Tijdens de maand juli heb ik dagen en dagen geklost. Daarna begon de tentoonstelling in december mijn gedachten op te eisen. Dus haalde ik mijn pen en Oost-Indische inkt boven en richtte mijn aandacht op het tekenpapier dat voor me lag.
Een blanco papier confronteren is telkens toch een vorm van faalangst overwinnen. In mijn gedachten heb ik wel een vorm van ontwerp klaar, soms erg duidelijk, soms wat vager … maar de eerste lijnen op dat witte papier zetten is toch een grote stap. Soms denk aan een parachutesprong: eens gelanceerd kan je niet meer terug. Zo ook met die eerste lijn op het witte blad, zelfs als die met potlood voorbereid is. Ik moet mezelf vaak geruststellend toespreken: als het mislukt, is dat erg? Het papier heeft nog een achterkant of ik kan het tot een kleiner formaat versnijden … en zelfs als het niet meer bruikbaar is: het is geen kapitaal dat ik weg gooi.
Ik had reeds heel wat ontwerpen gemaakt rond de formele vorm van een beschreven blad, nu onderzocht ik de iconografie van letters. Door de Oost-Indische inkt in verschillende verdunningen te gebruiken ontstond een soort van dieptewerking in de tekening.
Voor de lijnen zelf hanteerde ik sjablonen, daardoor ontstond een repetitieve vorm in de tekening. Hierbij krijgt de vorm nog voorrang op het inhoudelijke. De emoties of bedenkingen worden nog even terzijde gelaten. Door het aanbrengen van ritmering in de herhaling van dezelfde vormen krijg je een wereld aangeboden die eerder bevreemdend aandoet.
Er zijn geen ‘herkenbare’ vormen of spanningen die verwijzen naar het dagdagelijkse werkelijkheid, vb. een bloem ‘herken’ je aan de bloemblaadjes, stengel, enz. Ik wil een ander kader creëren, van wat nog niet werd vorm gegeven, om daarin de ervaring te plaatsen en tot een nieuw formuleren te komen.
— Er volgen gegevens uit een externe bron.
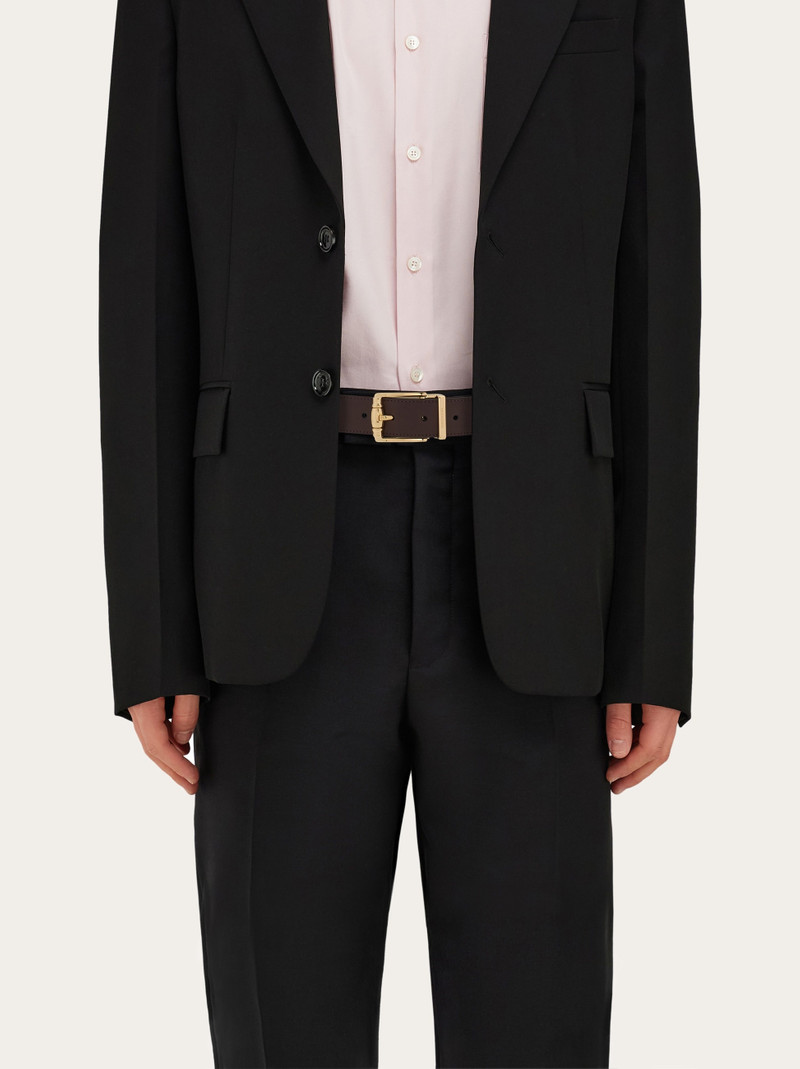 Reversible and adjustable belt 4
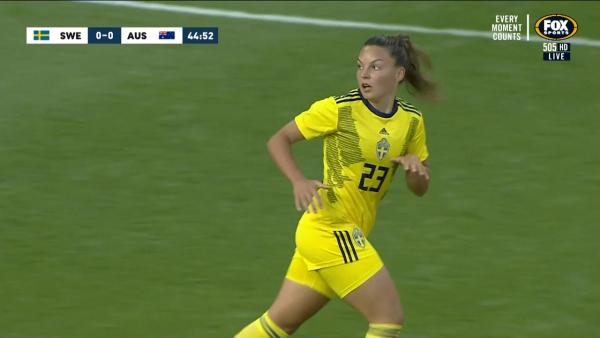 SAVE: Micah -  Denies Sweden again in her debut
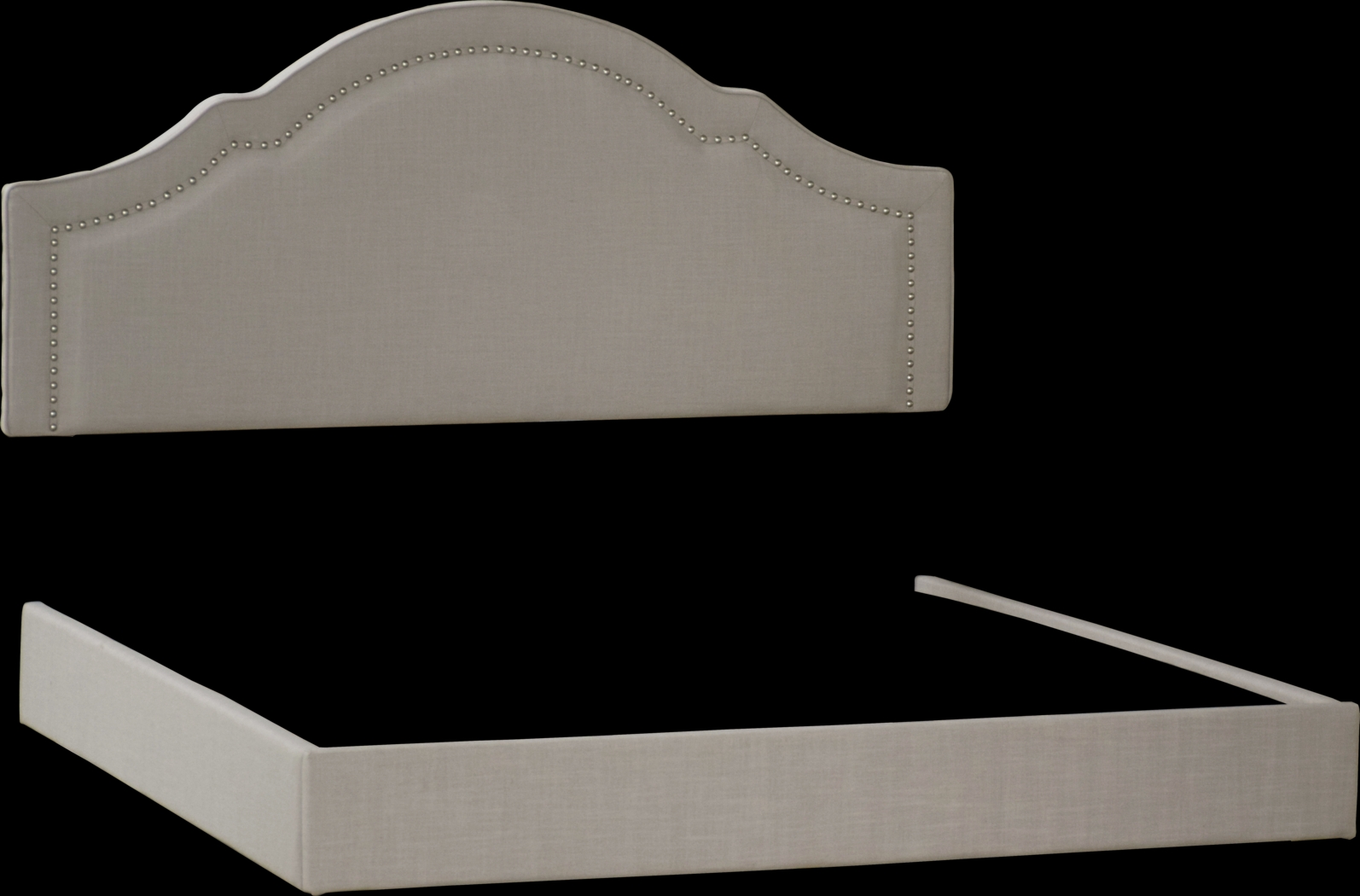 Seldalia Gray King Upholstered Headboard - Thumbnail - Image 5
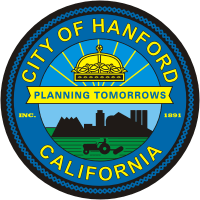 Hanford (California), seal - vector image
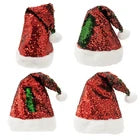 Christmas Flip Sequin Santa Hat – Color Changing Red/Green Holiday Party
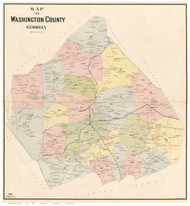Washington County 1897 Georgia - Old Map Reprint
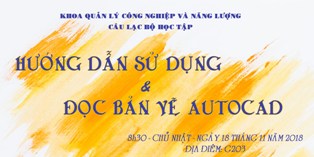 Chương trình "Hướng dẫn sử dụng và đọc bản vẽ Autocad"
Om concreter te zijn: als ik mijn ervaren afzet tegenover hoe ‘men’ denkt, vb. over zelfdoding … dan kan ik daar mezelf niet in terugvinden. Laat ons zeggen dat ‘men’ niet nadenkt over zelfdoding, men benadert alleen de sensationele kant van het gebeuren als iemand door zelfdoding uit het leven stapt. Zelfdoding heeft met een vorm van geweld te maken wat emoties in gang zet. Ik zoek een andere benadering, naar een ander kader, andere woorden, zodat ik mijn ervaring kan plaatsen en in die plaatsing mezelf terug vind: zo klopt het voor mij. Dit proces is nooit ‘af’. Telkens opnieuw moet je op zoek naar een betere formulering, een nog meer nauwkeurige benadering van je ervaring. Hoe precieser je dat ervaren kan uitdrukken, hoe meer rust er komt t.o.v. die verschrikkelijke realiteit. Tevens dompel je onder in het besef dat elk tot uitdrukking brengen, ontsnapt het aan een ‘definitief’ formuleren. Enerzijds omdat je, door elk authentiek formuleren, je wezen verandert en dat je met dat veranderde zijn opnieuw de realiteit benadert, anderzijds omdat het net nooit lukt om door te dringen tot het allerdiepste ervaren van jezelf omdat dit ontsnapt aan het taal-bewustzijn, wat die taal ook mag zijn.
Laat me stellen dat ik deze tekening opdraag aan al degenen die op zoek zijn naar dat formuleren buiten het ‘men denkt’, om dan te kunnen stellen: zo ver kan ik het nu al verwoorden.